A fresh gust of wind tears at my dress and sends sparks flying from the ember of Ella’s half-smoked cigarette.
"Done yet?" Gage asks. He won’t let her smoke in his truck.
"No. I’m not," she snaps.
Gage groans and leans back against the wall.
Clouds roll across the sky, revealing a partial moon. The light is gray and eerie and cold. In the murky flower shop window behind Hunter’s car, streetlight reflections twinkle.
The club door opens once again, and a young woman strides out. Her long, dark legs jut from a micromini, and her high, rounded cheekbones are tinted an electric shade of peach. On anyone else the color would look bizarre. On her mocha skin, it’s stunning. Hers is the kind of face you can’t stop looking at. She was easily the most beautiful person in the club tonight. Maybe the most beautiful person I’ve ever seen.
Then I realize—she’s why Hunter’s here. She’s the one he’s waiting for. My heart sinks.
What is the matter with me? Am I crazy? He doesn’t even know me.
The woman’s eyes are as baleful as a cat’s. I detect something else, though, something almost world-weary beneath her shield of glamour. She crosses in front of Ella, Gage, and me as if we don’t exist. In this moment, I want to go home and forget this night. I want to forget the Zenith Club and its crushing crowd. I don’t fit in. I never should have come.

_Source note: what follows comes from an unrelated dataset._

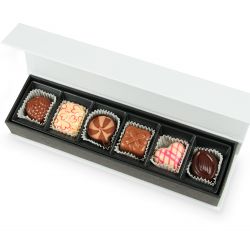 Czekoladki na komunię Chocolate Box Long z Twoimi życzeniami - MountBlanc - 3
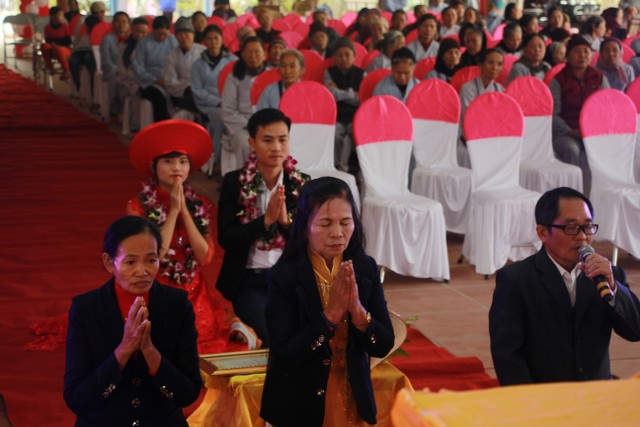 Thái Bình: Lễ hằng thuận tại chùa Văn Môn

Across the street, Hunter straightens at the young woman’s approach. One corner of his mouth tips up. "I have no idea why you’d voluntarily go in there."
"It’s called fun. You should try it sometime."
He lets out a short laugh. "I’ll take your word for it."
"Let’s go."
"As you wish." His tone is amused.
The car door releases a few inches, rimmed with cold sapphire light. Instead of opening out, the door slowly hinges upward. Butterfly doors—that’s what they’re called—but they don’t look like the wings of a butterfly to me. Instead, this looks like a bird of prey. A raptor.
He guides her around to the passenger door. "Have a good time?"
"Not good enough," she replies.
"It never will be, Vic." It’s said in a strangely gentle way, her name spoken as if he’s known her forever.
"Don’t get all poetic on me," she snaps, pouting up at him like an irritated angel who’s unhappy about being stuck on earth.
I strain to hear his reply.
"Me? Poetic? Never." He laughs. It’s a low rumble. A kindhearted noise that somehow surprises me. He makes me want to hear it again. Makes me wonder what it would feel like to have him laugh with me like that.
I watch him help her into the low seat. He bends and speaks quietly to her. As he does, the girl turns and stares at me through the driver’s window. It’s brief and piercing. Then she leans back against the seat.
They couldn’t have been talking about me, could they? But then why else had she given me that quick, sharp study?